> [Work task]: Every record below should be repeated exactly. Omit the pictures.

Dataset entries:
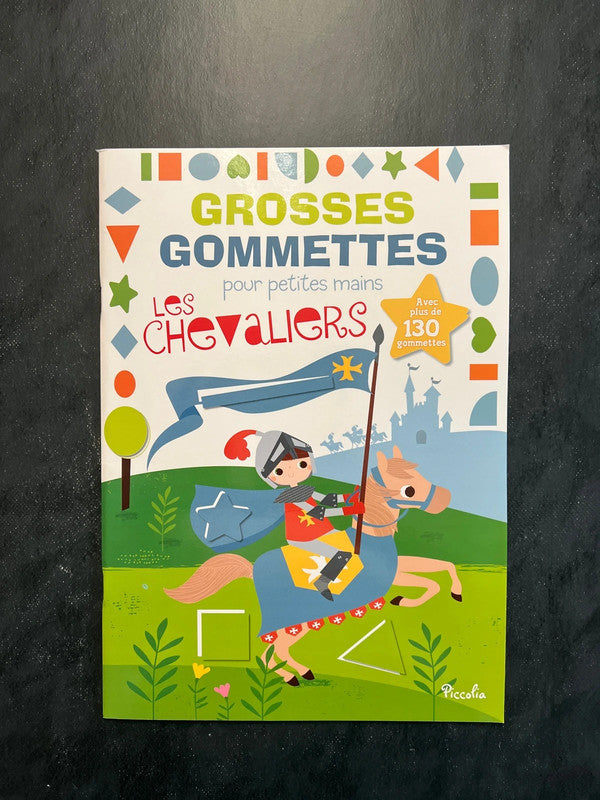 Livre de gommettes - les chevaliers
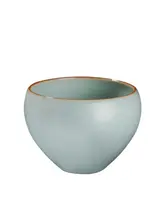 茶碗 主人 使用シーン 陶器 レトロ オープン 冷裂模様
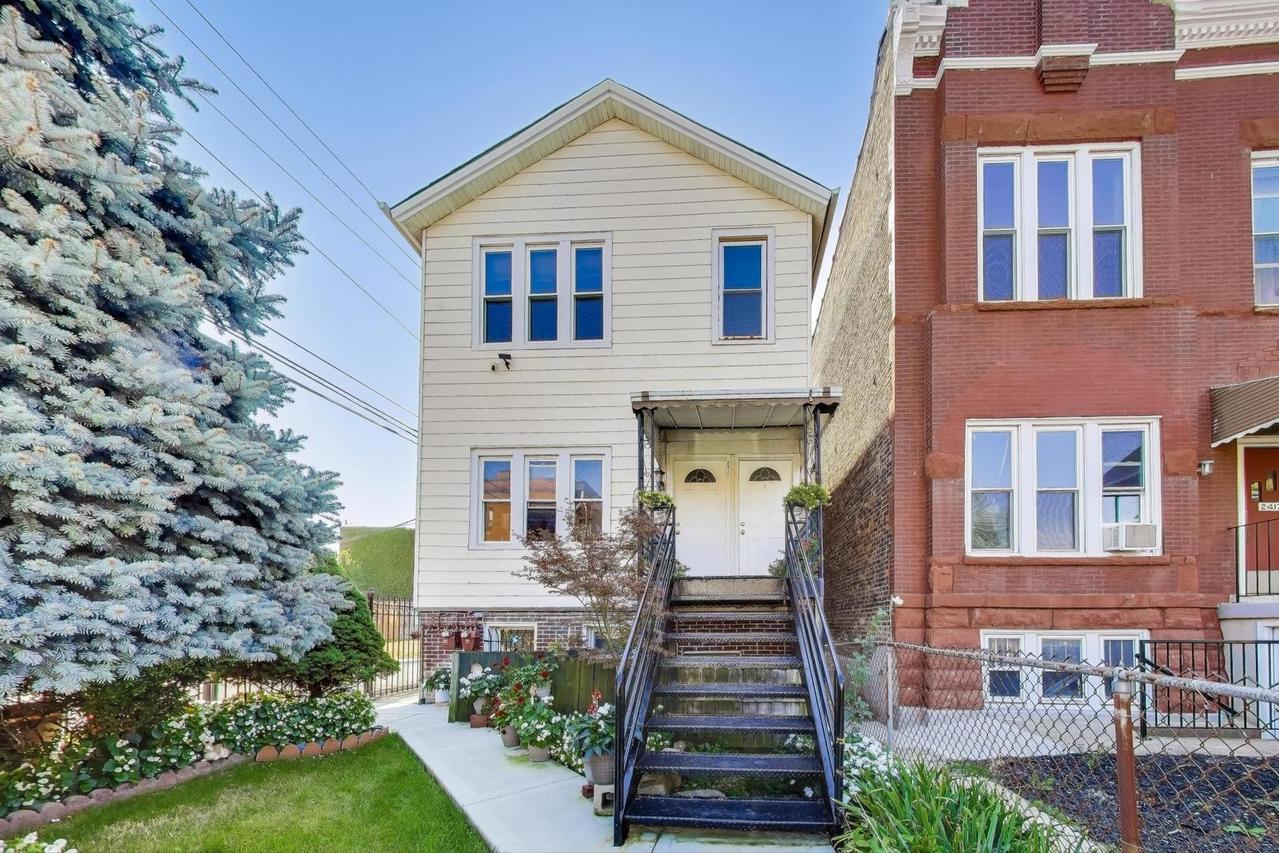 2415 W Arthington St., Chicago, IL 60612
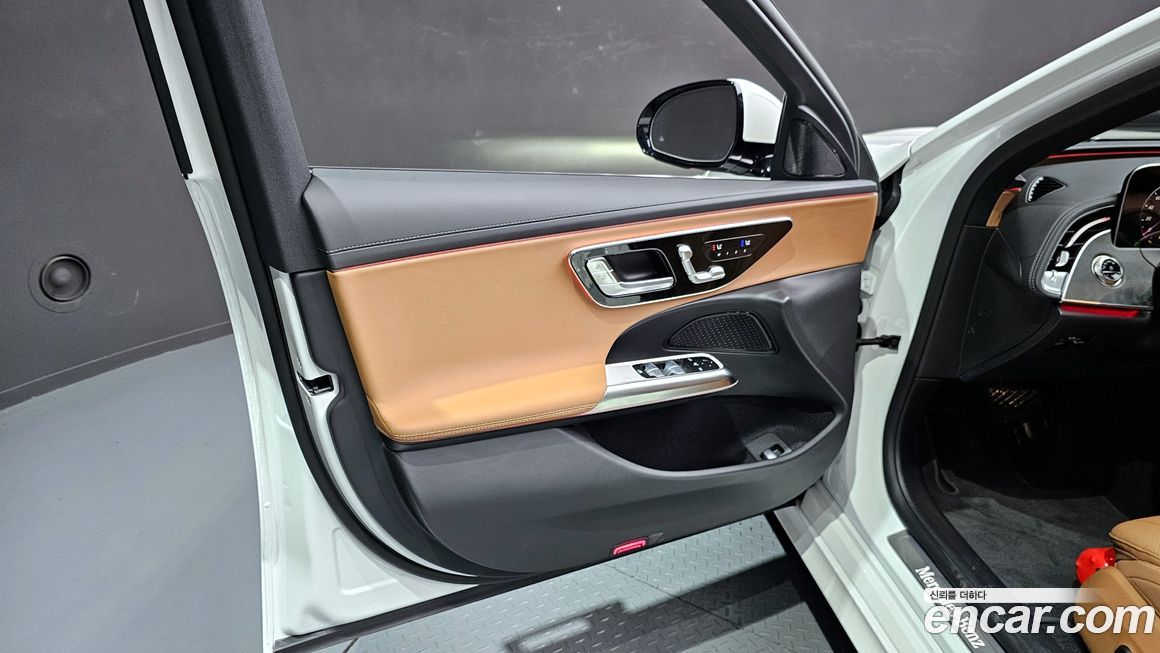 Mercedes-Benz E-Class 2025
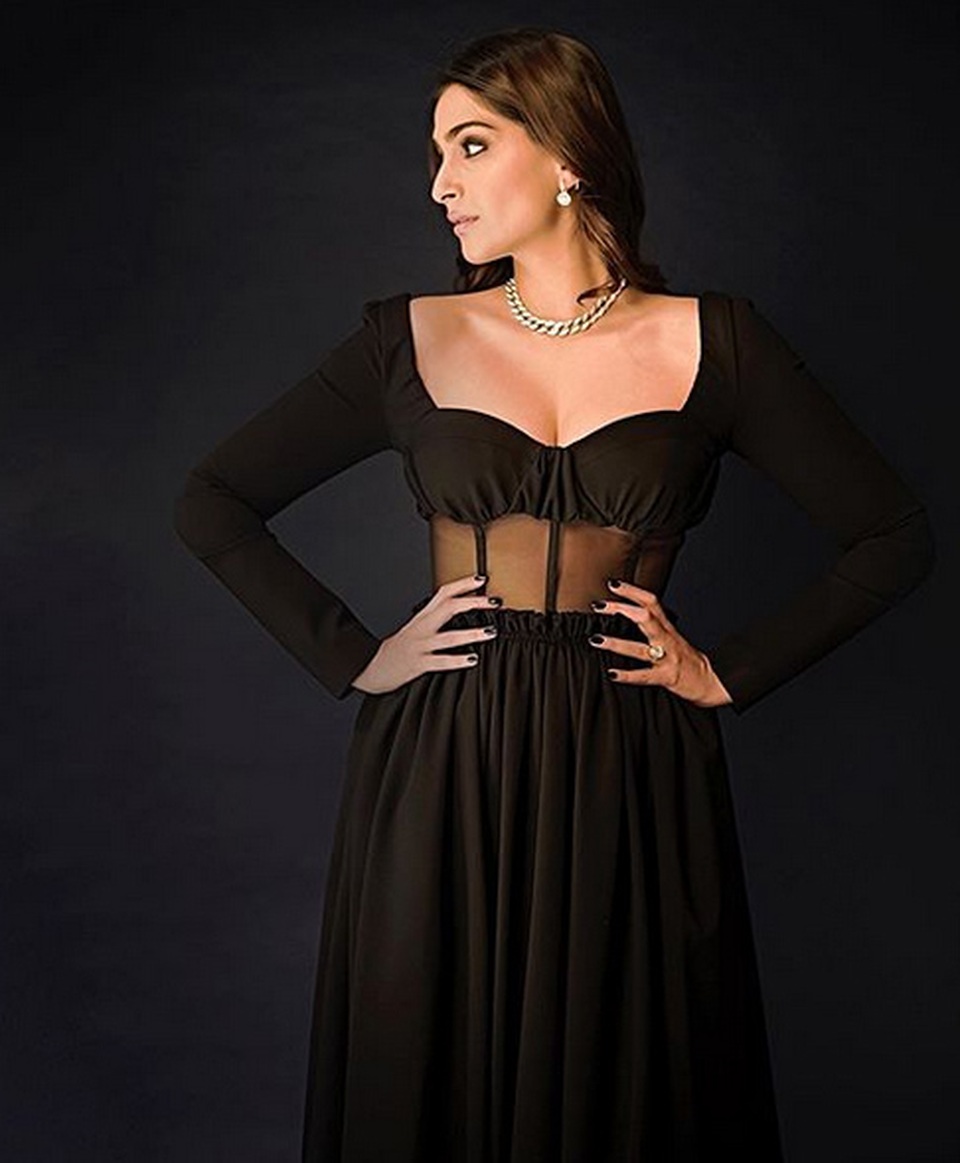 Minh tinh Ấn Độ Sonam Kapoor diện váy hở sâu khoe vòng một gợi cảm - 3 Minh tinh Ấn Độ Sonam Kapoor diện váy hở sâu khoe vòng một gợi cảm - 3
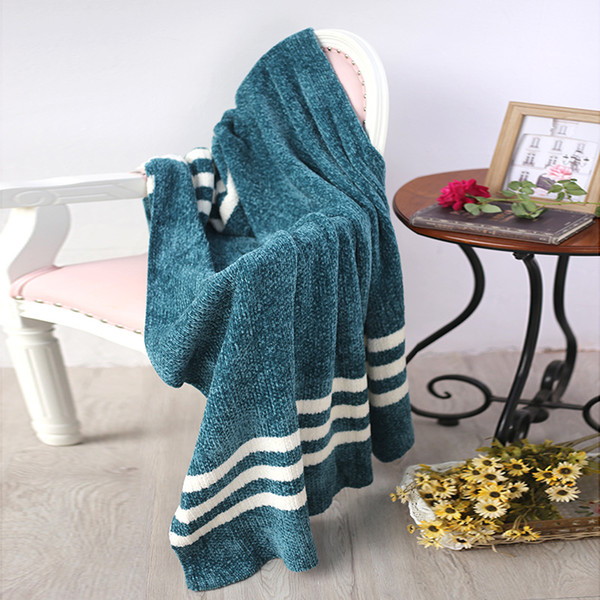 Hot Sale Knitted Christmas blanket Chenille Blanket Warm Sofa Air-Conditioning Nap Cover Striped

> [Exercise answer]:
 Livre de gommettes - les chevaliers
 茶碗 主人 使用シーン 陶器 レトロ オープン 冷裂模様
 2415 W Arthington St., Chicago, IL 60612
 Mercedes-Benz E-Class 2025
 Minh tinh Ấn Độ Sonam Kapoor diện váy hở sâu khoe vòng một gợi cảm - 3 Minh tinh Ấn Độ Sonam Kapoor diện váy hở sâu khoe vòng một gợi cảm - 3
 Hot Sale Knitted Christmas blanket Chenille Blanket Warm Sofa Air-Conditioning Nap Cover Striped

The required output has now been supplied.